■ AIM OF THE TASK ■
Transcribe the lines exactly, beginning with the one that contains "Socialización canina y" and ending with the final line of the records. Do not transcribe pictures.

■ RECORDED DATA ■
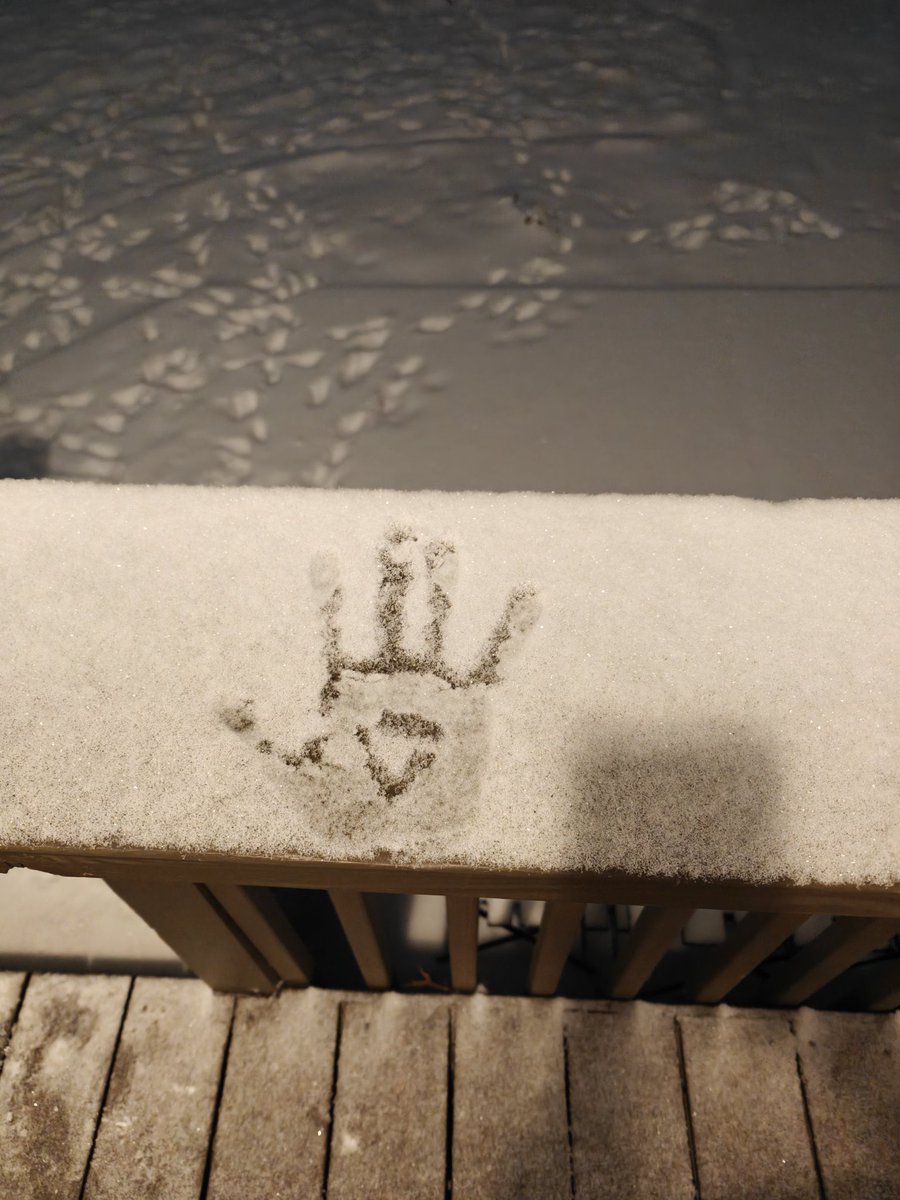 3ThreeInOne1's tweet image. I let my dogs outside and thought how wonderful it'd be to feel the snow on my hand so I sat it down and found my hand makes an upside down triangle? Wtf?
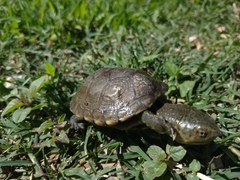 Kinosternon herrerai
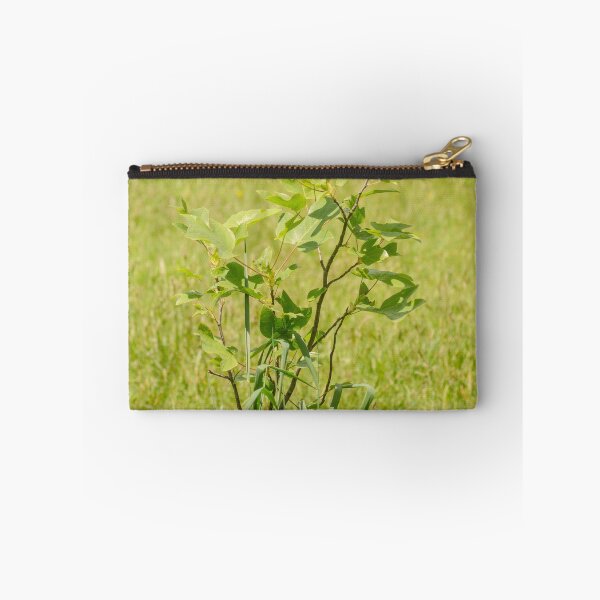 Item preview, ibs tulip tree designed and sold by pcfyi.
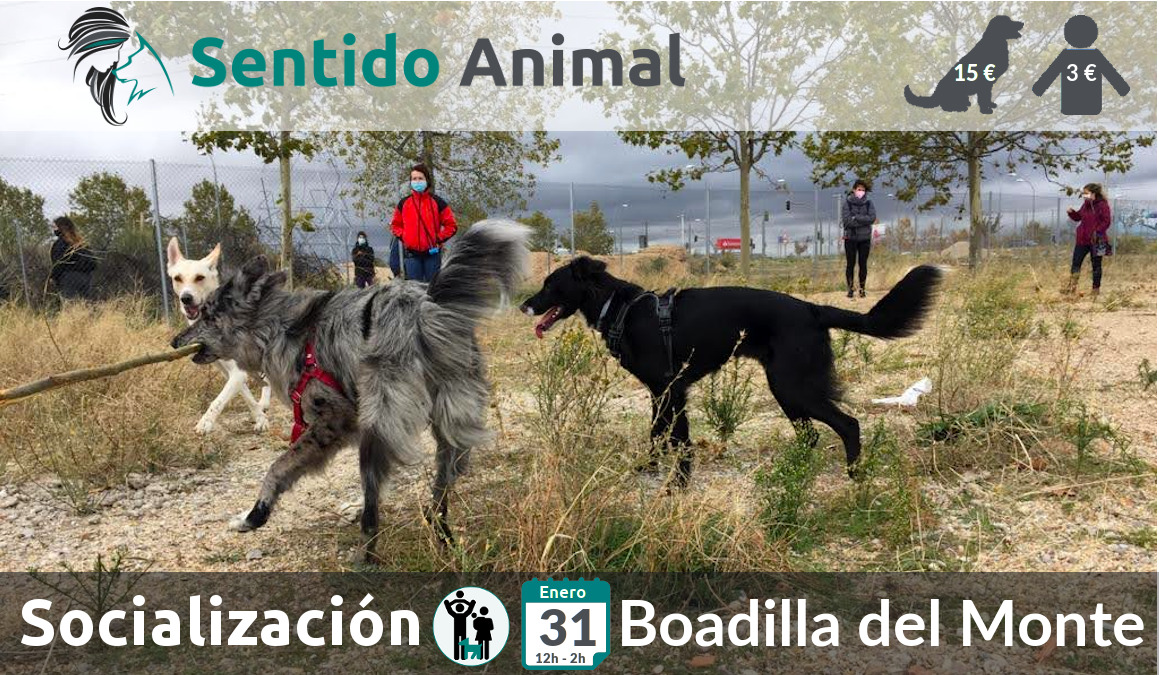 Socialización canina y paseo – domingo enero 2021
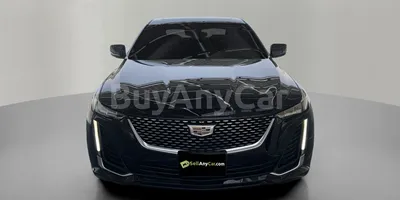 carsDetail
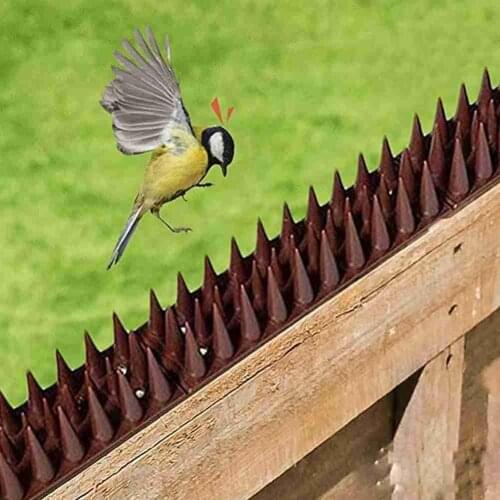 Bird Repellent Thorns For Fences Anti-bird Spikes Against Birds Garden Outdoor Decoration Scare Cat Anti Pigeon Repeller Animal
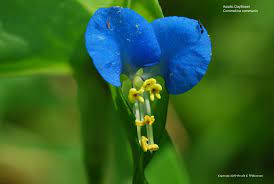 Aktualisiere deine garderobe mit neuen styles & exklusiven asos marken. Us Wildflower S Database Of Blue Wildflowers For Oregon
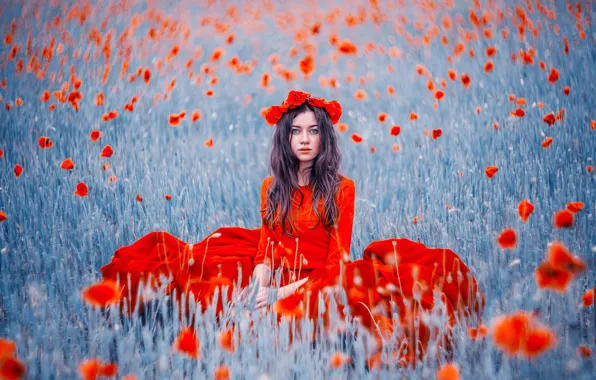 Картинка поле, девушка, цветы, маки, красное платье, венок, Кристина Макеева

■ ANSWER SPACE ■
 Socialización canina y paseo – domingo enero 2021
 carsDetail
 Bird Repellent Thorns For Fences Anti-bird Spikes Against Birds Garden Outdoor Decoration Scare Cat Anti Pigeon Repeller Animal
 Aktualisiere deine garderobe mit neuen styles & exklusiven asos marken. Us Wildflower S Database Of Blue Wildflowers For Oregon
 Картинка поле, девушка, цветы, маки, красное платье, венок, Кристина Макеева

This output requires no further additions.